DESCRIPTION OF THE TASK: Leaving the pictures aside, transcribe the data below exactly.

DATA EXTRACT:
____

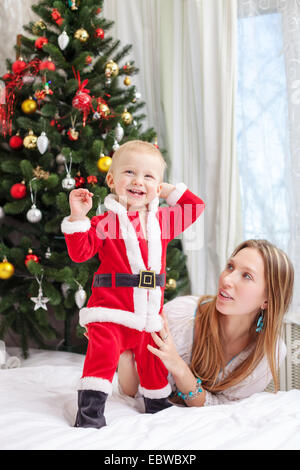 Jeune mère jouer avec bébé habillés en costume de Père Noël Banque D'Images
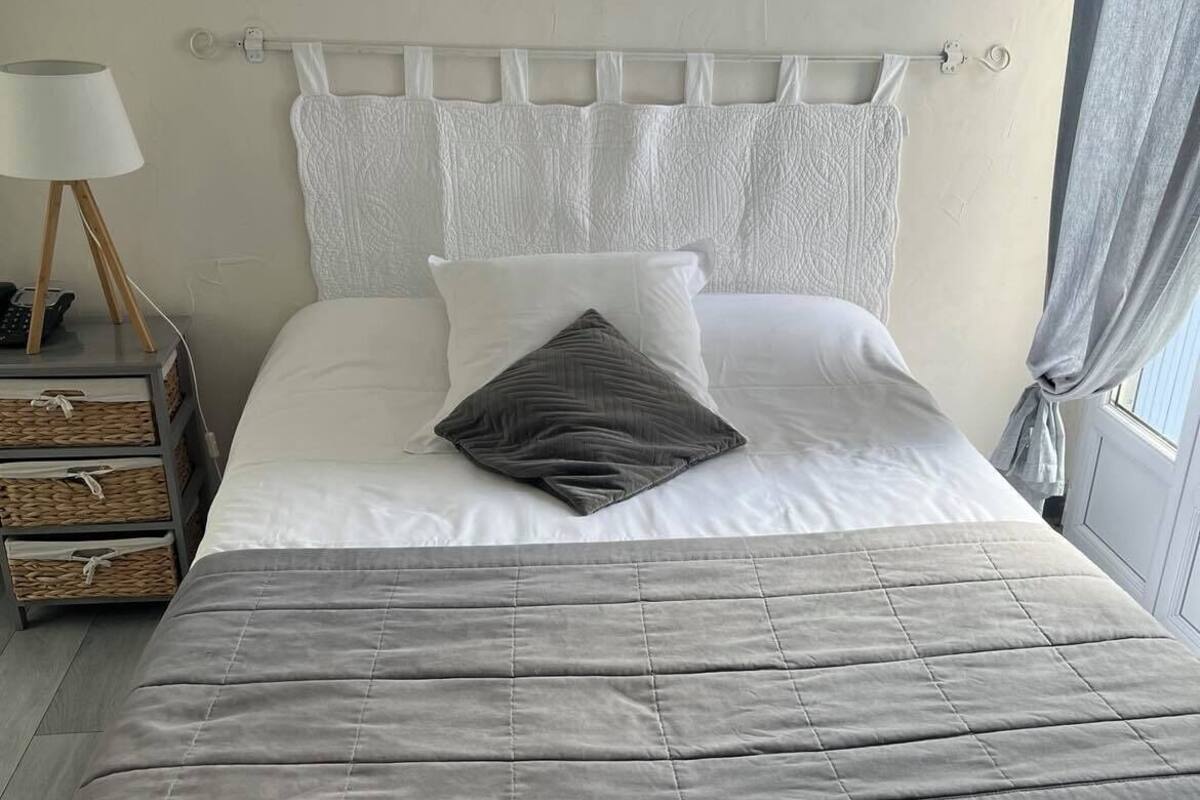 Un lit bien fait, avec une couette grise, des oreillers blancs et un cœur décoratif accroché au mur.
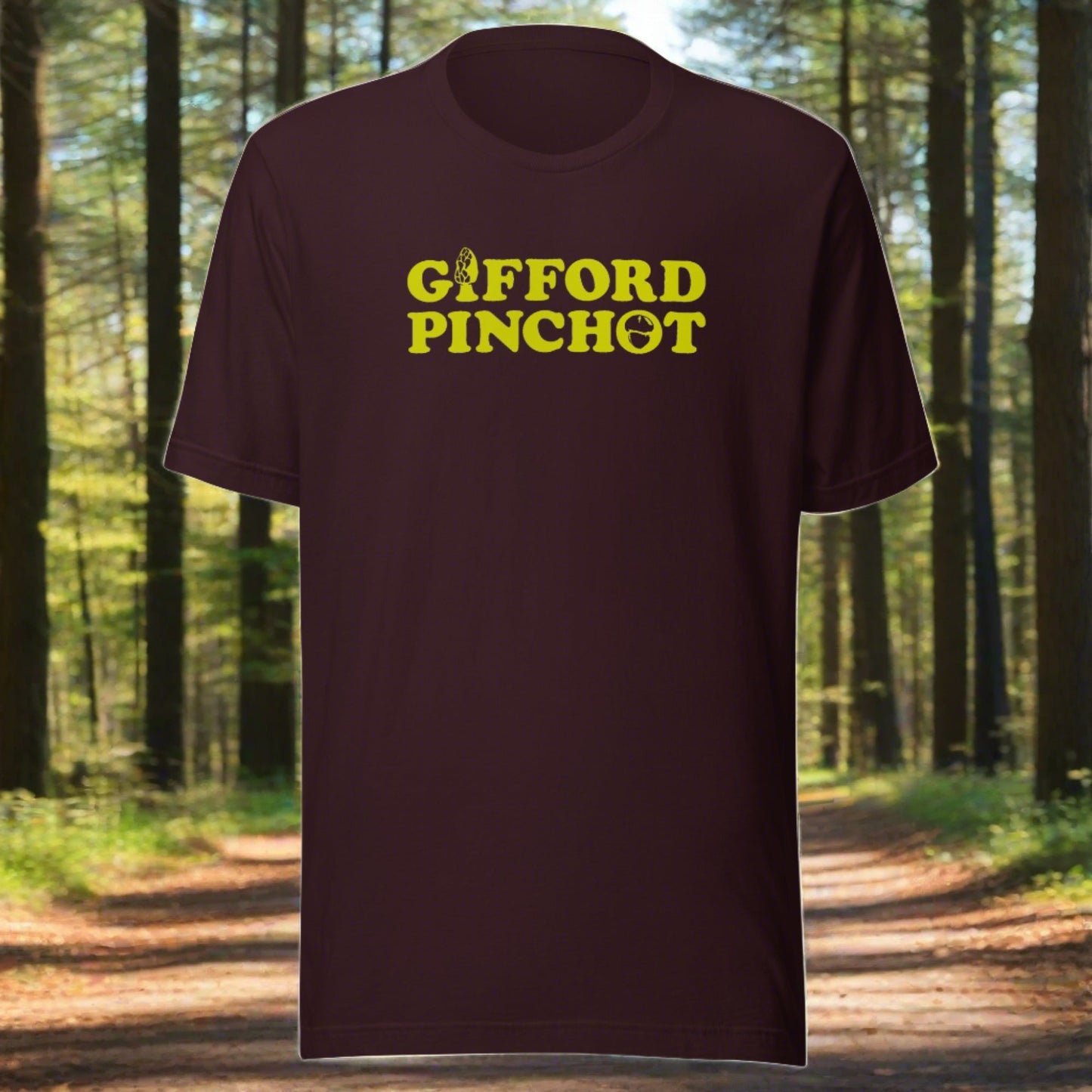 a short sleeve t-shirt featuring the phrase Gifford Pinchot in goldenrod. There is a morel mushroom where the letter I should be in the word Gifford and a porcini where the O should be in Pinchot.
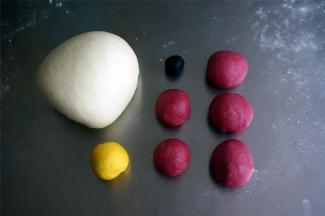 将发酵好的面团按压排气后分别揉圆，然后将红色面团分成2份20克的，3份30克的小面团，揉圆。用保鲜膜将面团盖好。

____

ANSWER SECTION:
 Jeune mère jouer avec bébé habillés en costume de Père Noël Banque D'Images
 Un lit bien fait, avec une couette grise, des oreillers blancs et un cœur décoratif accroché au mur.
 a short sleeve t-shirt featuring the phrase Gifford Pinchot in goldenrod. There is a morel mushroom where the letter I should be in the word Gifford and a porcini where the O should be in Pinchot.
 将发酵好的面团按压排气后分别揉圆，然后将红色面团分成2份20克的，3份30克的小面团，揉圆。用保鲜膜将面团盖好。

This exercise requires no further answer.